Your goal: The copy must hold exactly the lines from the one with "شرح نظام MyDispense" through the end of the listing below, and nothing else, with no pictures.
[Stored data — start]
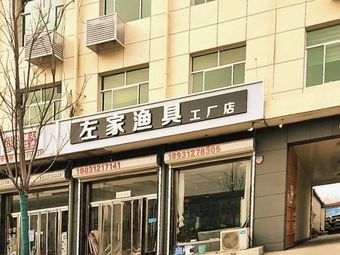 左家渔具渔具店门店照片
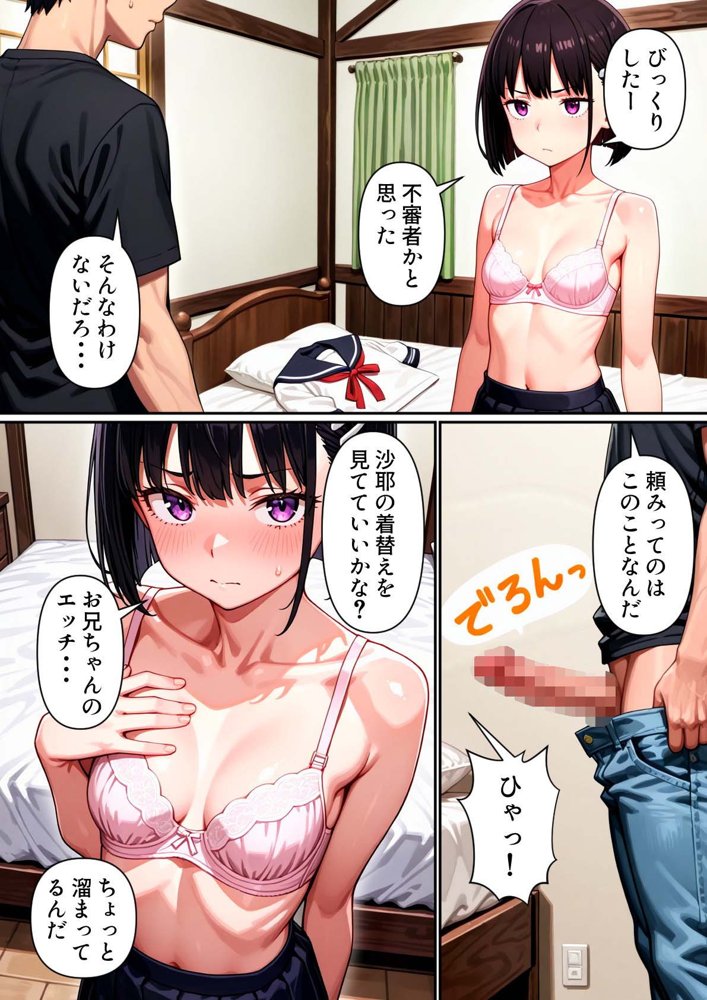 俺の妹が一緒にお風呂に入ろうと誘ってきた件 〜その後〜 無料エロ漫画 raw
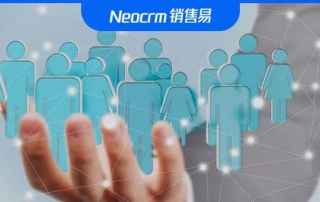 计算机世界：什么是高质量的“以客户为中心”？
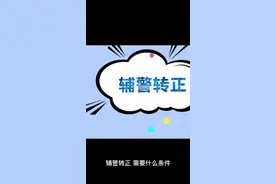 辅警转正需要什么条件？视频封面
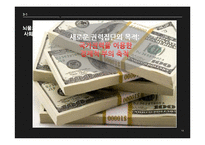 [국제사회학] 뇌물과 사회적 영향-13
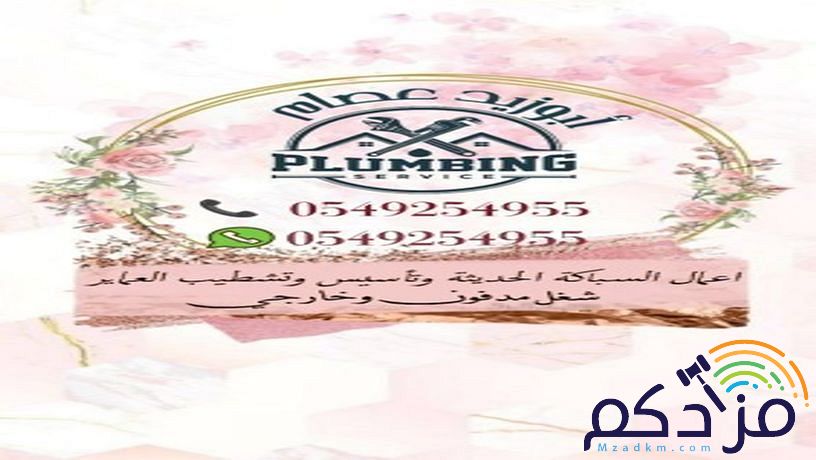 اعمل السباكه الحديثه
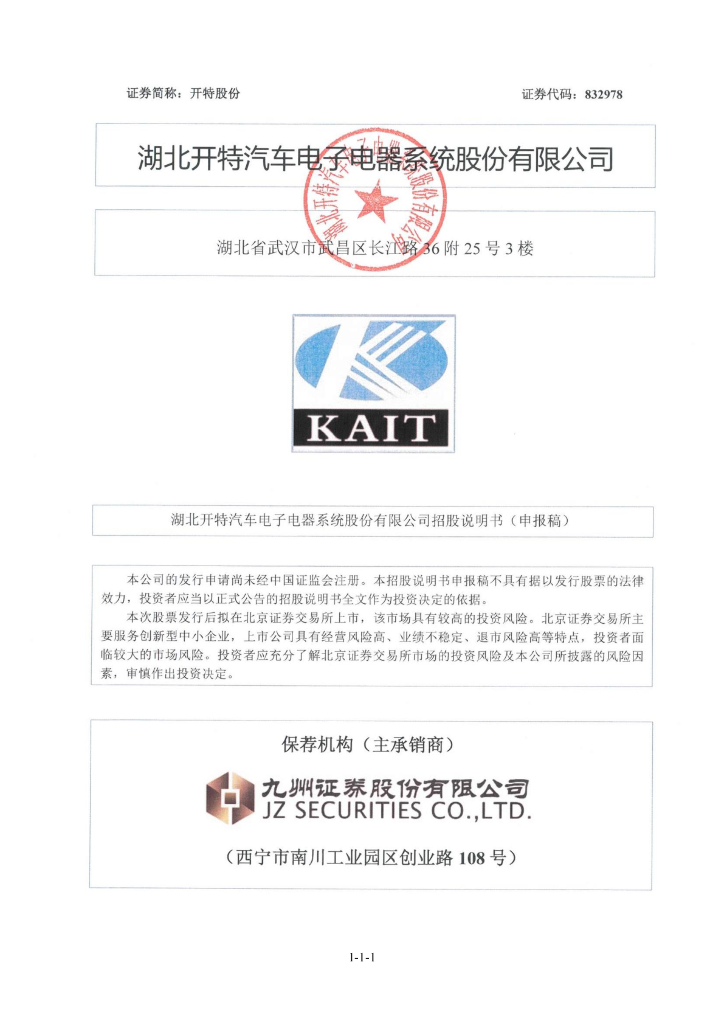 湖北开特汽车电子电器系统股份有限公司北交所IPO上市招股说明书：开特股份832978
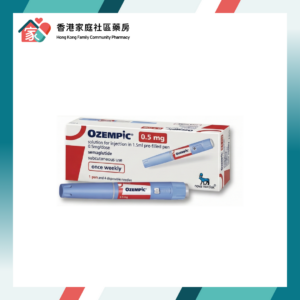 Ozempic 胰妥讚 (Semaglutide) 0.5mg Pre-filled Pen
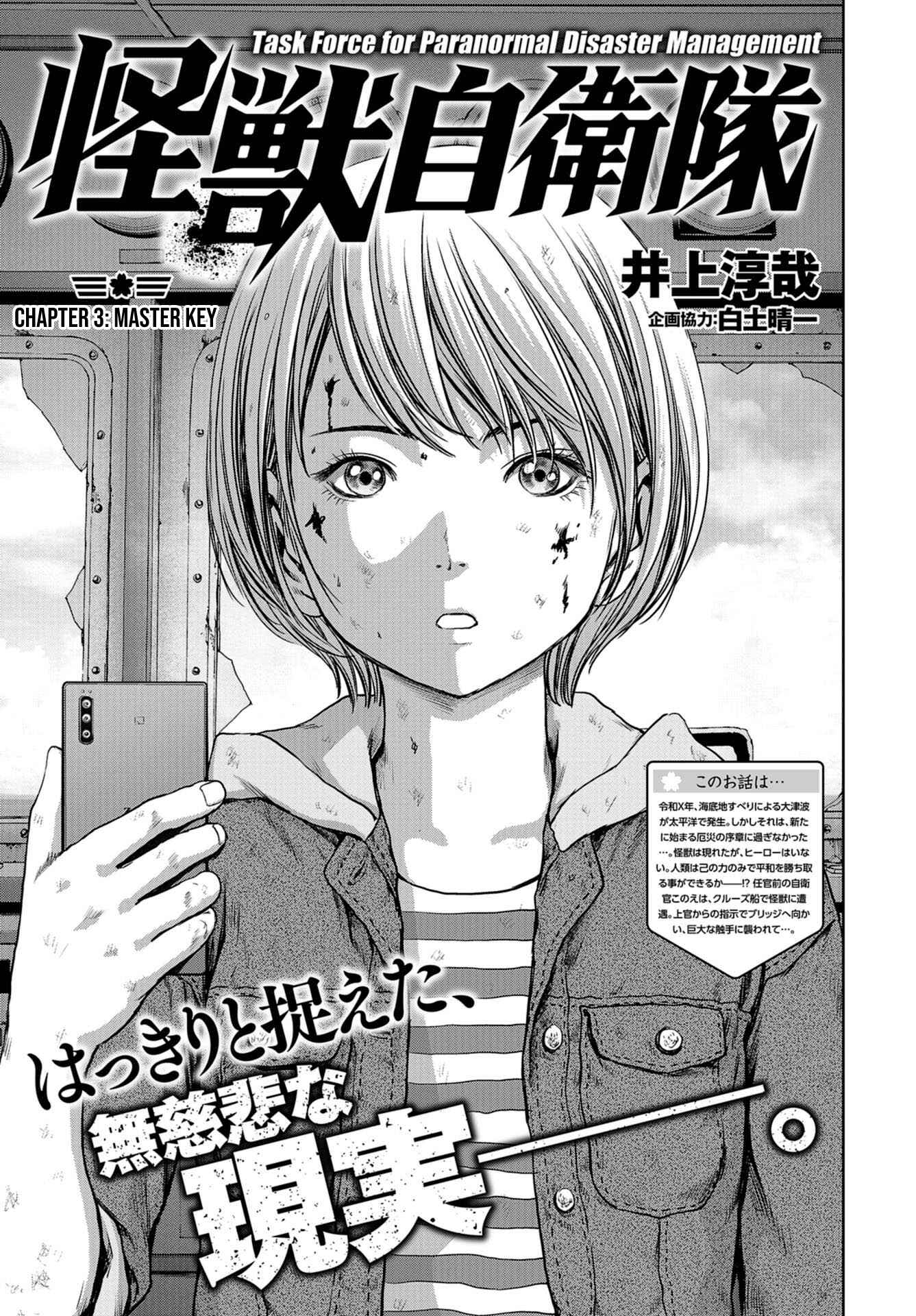 Kaijuu Jieitai Chapter 3 - Page 1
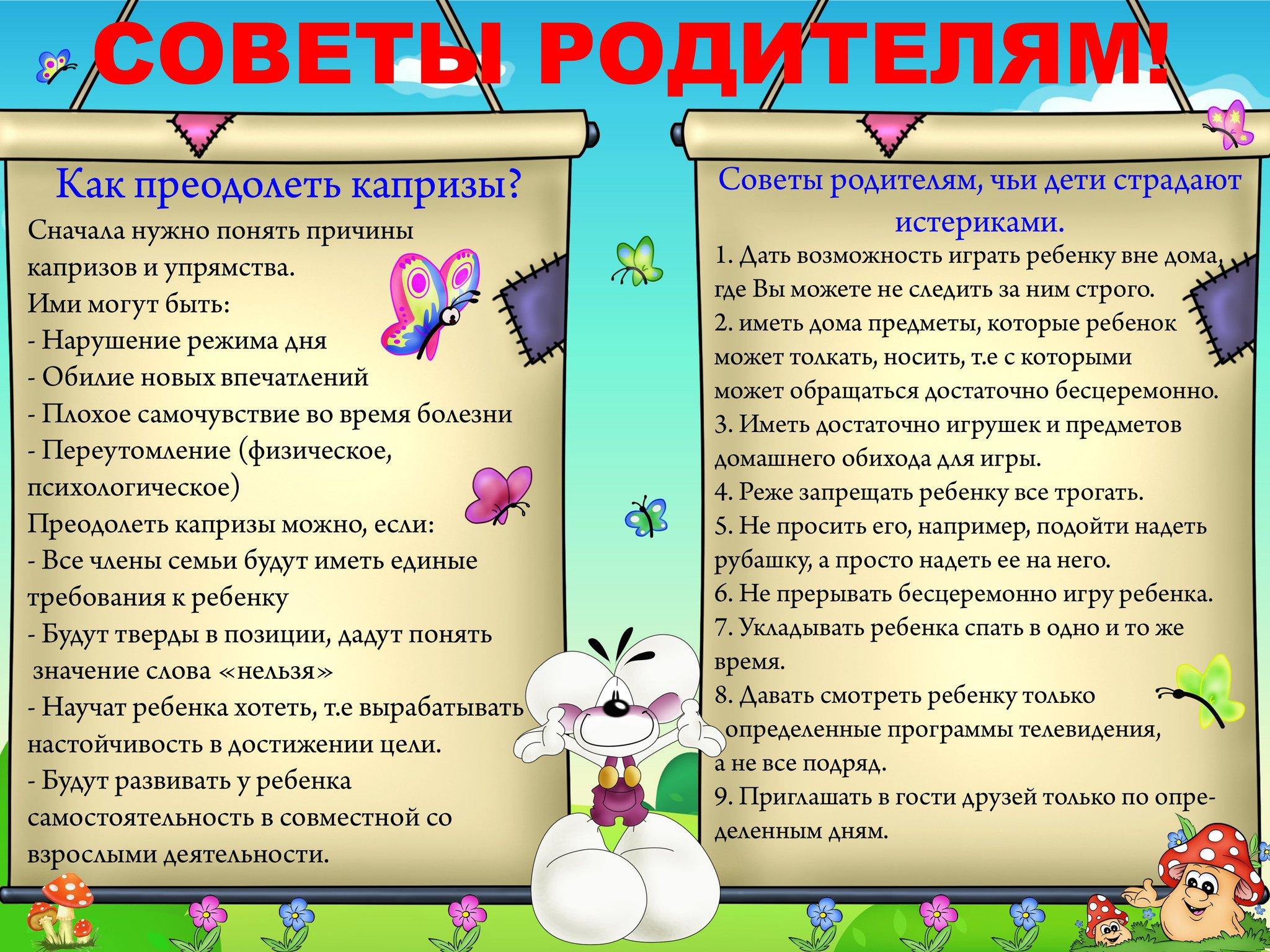 sovety_roditelyam.jpg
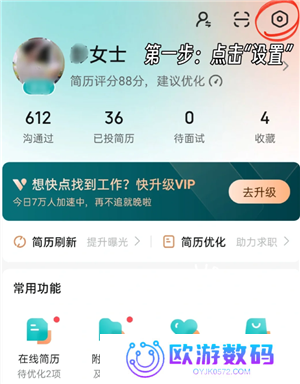 boss直聘怎么关闭求职状态 boss直聘怎么屏蔽某家公司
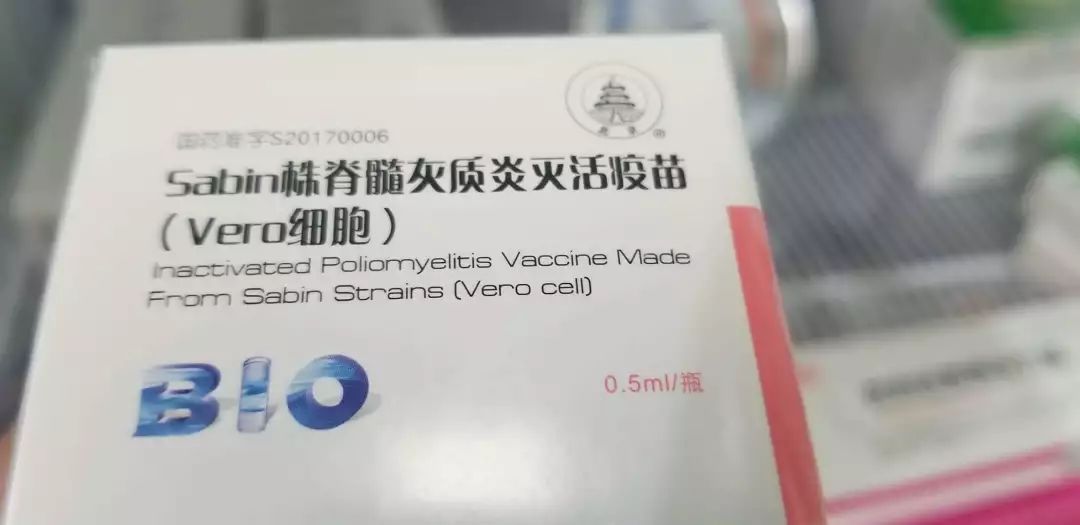 武汉生物百白破疫苗图片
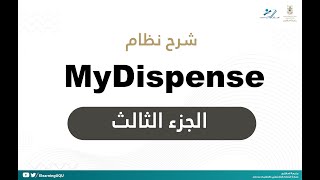 شرح نظام MyDispense الجزء الثالث | Dispensing Exercise in MyDispense PART 3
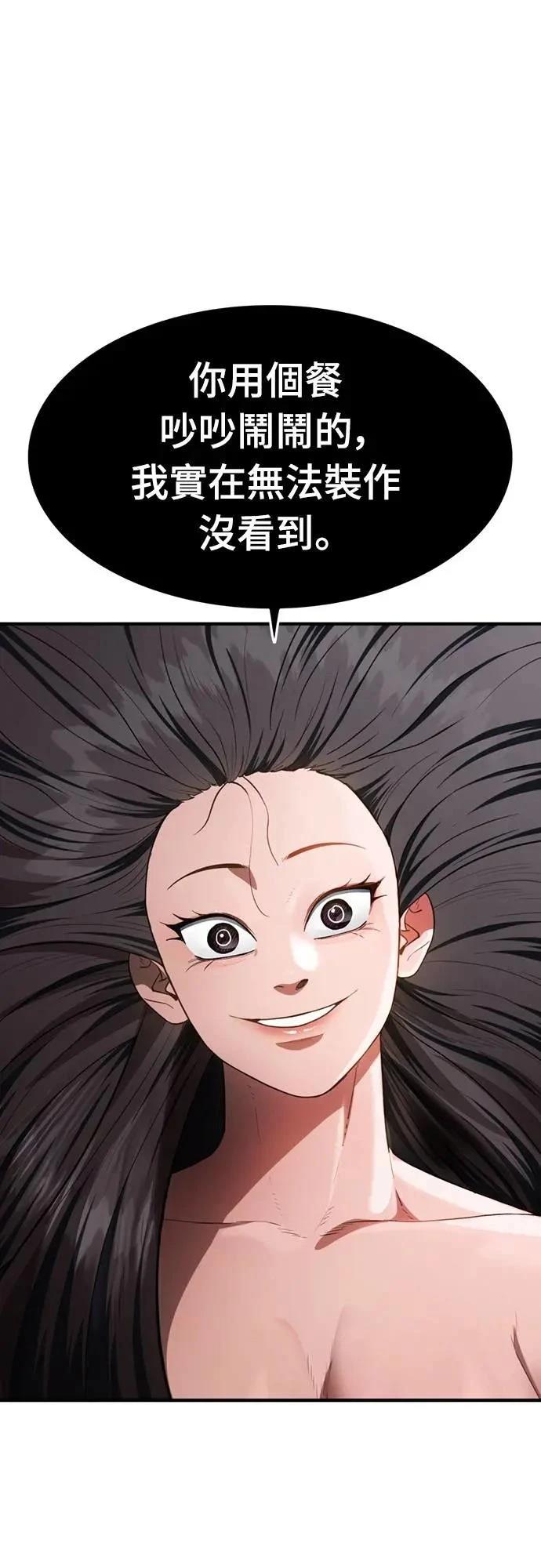 第31话72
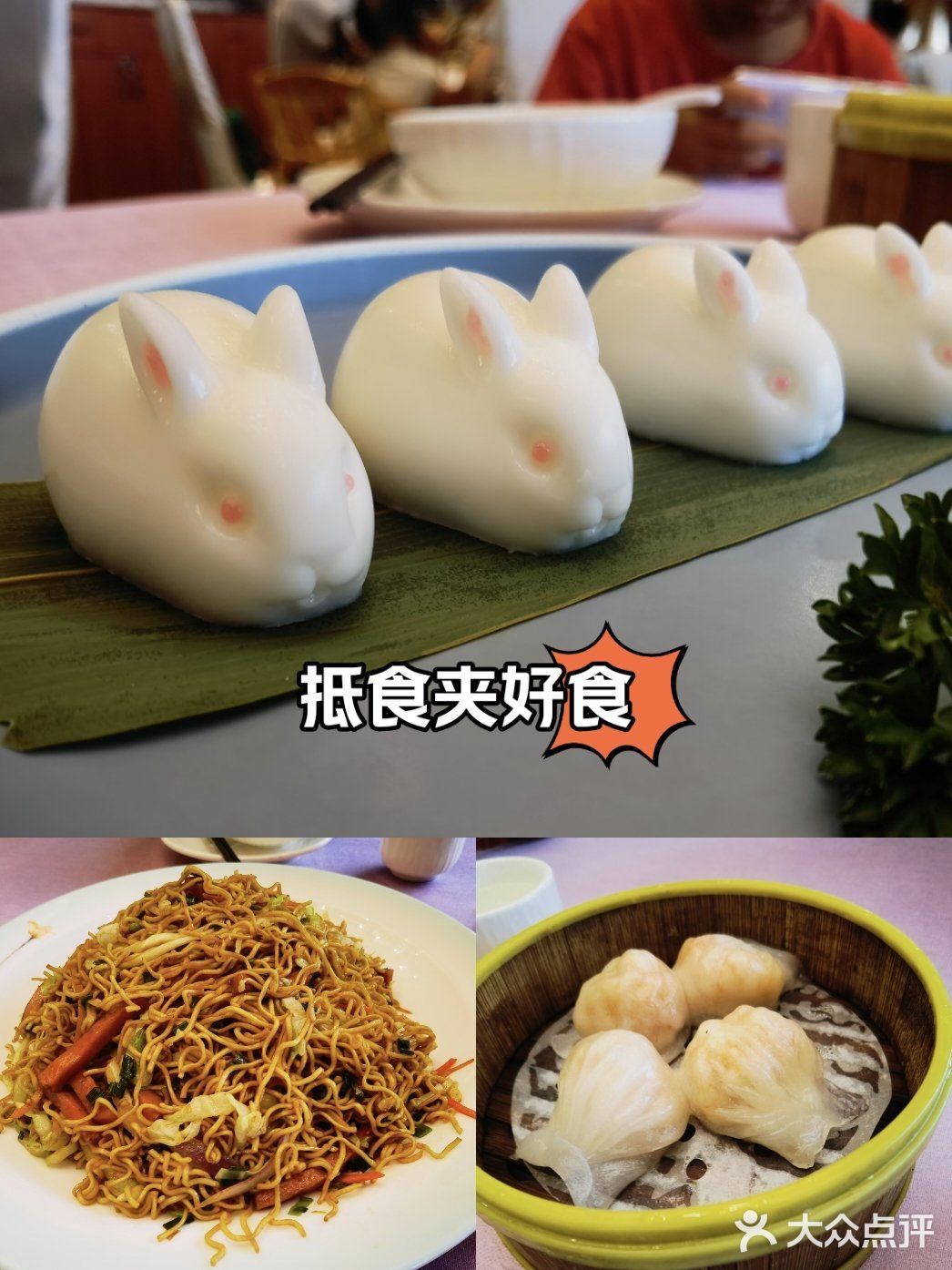 抵食又好食‼️寻味中山不容错过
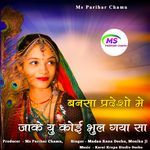 Banasa Predaso Ma Jake Yu Koi Bhul Gaya Sa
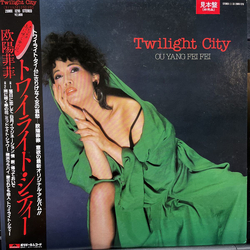 Ouyang Fei Fei トワイライト・シティー = Twilight City Vinyl LP USED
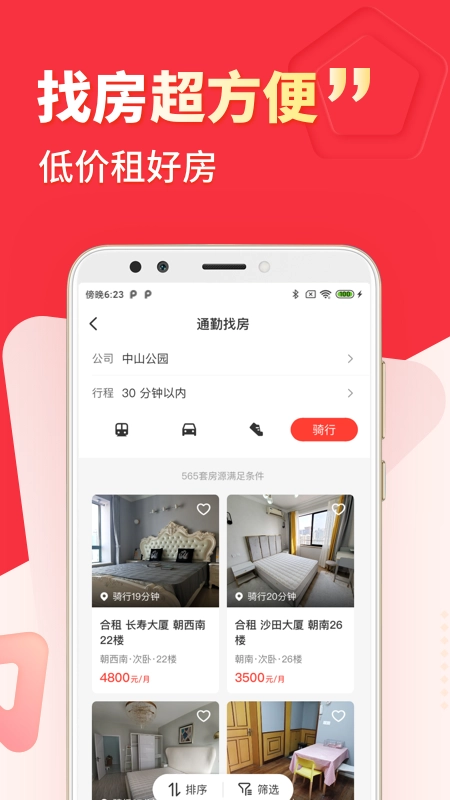 巴乐兔租房截图3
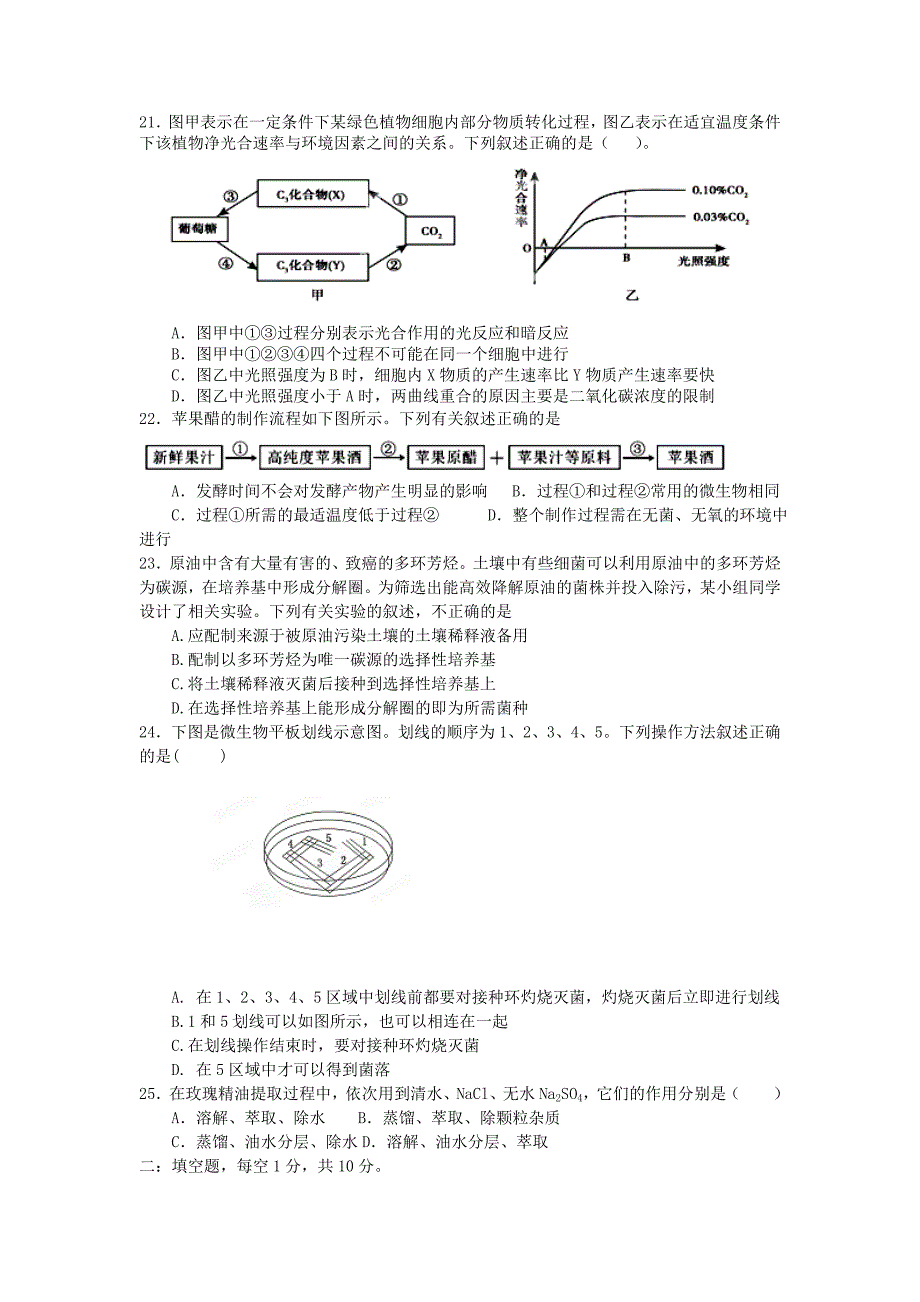 江西省赣州市信丰县信丰中学2016届高三生物上学期晚练试题二_第4页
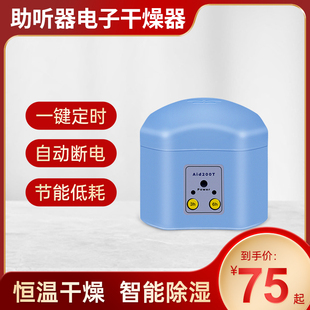 可定时助听器电子干燥器护理宝除湿抽湿防潮湿机器保养干燥盒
[Stored data — finish]
Your response:
 شرح نظام MyDispense الجزء الثالث | Dispensing Exercise in MyDispense PART 3
 第31话72
 抵食又好食‼️寻味中山不容错过
 Banasa Predaso Ma Jake Yu Koi Bhul Gaya Sa
 Ouyang Fei Fei トワイライト・シティー = Twilight City Vinyl LP USED
 巴乐兔租房截图3
 江西省赣州市信丰县信丰中学2016届高三生物上学期晚练试题二_第4页
 可定时助听器电子干燥器护理宝除湿抽湿防潮湿机器保养干燥盒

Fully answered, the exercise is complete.